The Church of England is legally prohibited from signing the proposed Anglican Covenant on which Rowan Williams, the Archbishop of Canterbury, has hung his hopes for saving the Anglican Communion. We reported on this two days ago and nothing has changed, but really, it can't be overemphasized.
The Anglican Church of Australia is also an established (that is, state-chartered) Church, and may face difficulties similar to England's although I don't know that for sure. Additionally, the leaders of the semi-schismatic GAFCON movement, which include several African primates have already rejected the most recent draft of the covenant.
The question then is why conversation about the covenant is frequently framed as follows: Will the North Americans sign it? If not, will Rowan throw them out?
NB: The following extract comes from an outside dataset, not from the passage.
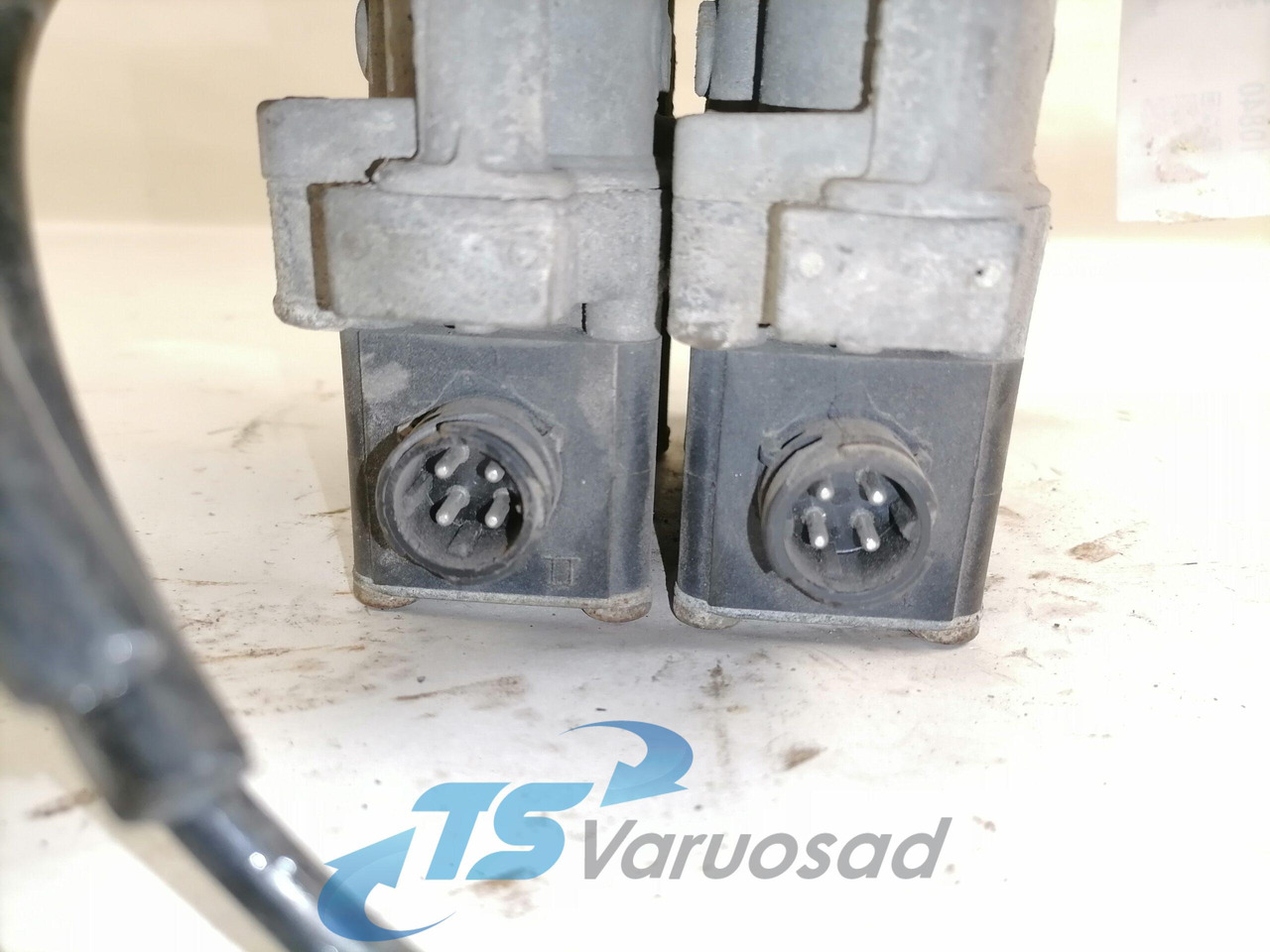 MAN Air suspension control valve, ECAS 4729051110 - Valve de frein pour Camion: photos 3 MAN Air suspension control valve, ECAS 4729051110 - Valve de frein pour Camion: photos 3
The covenant, it seems, faces far more serious problems than whether the Episcopalians and the Canadians will sign on, yet the media won't give up on this story line, and neither will those who grasp at any impediment available to deny gay and lesbian Christians the birthright of their baptism. Unfortunately, one member of the latter camp is the Archbishop of Canterbury, who seldom misses an opportunity to make it seem that the future of the Communion hinges on North American's willingness to betray the GLBT members of their churches.
For further discussion of this issue, visit this thread on Thinking Anglicans and pay particular attention to the comments of Martin Reynolds who writes, in part:
Take the matter of the statistics recently reported to the Design Group on the responses from Lambeth.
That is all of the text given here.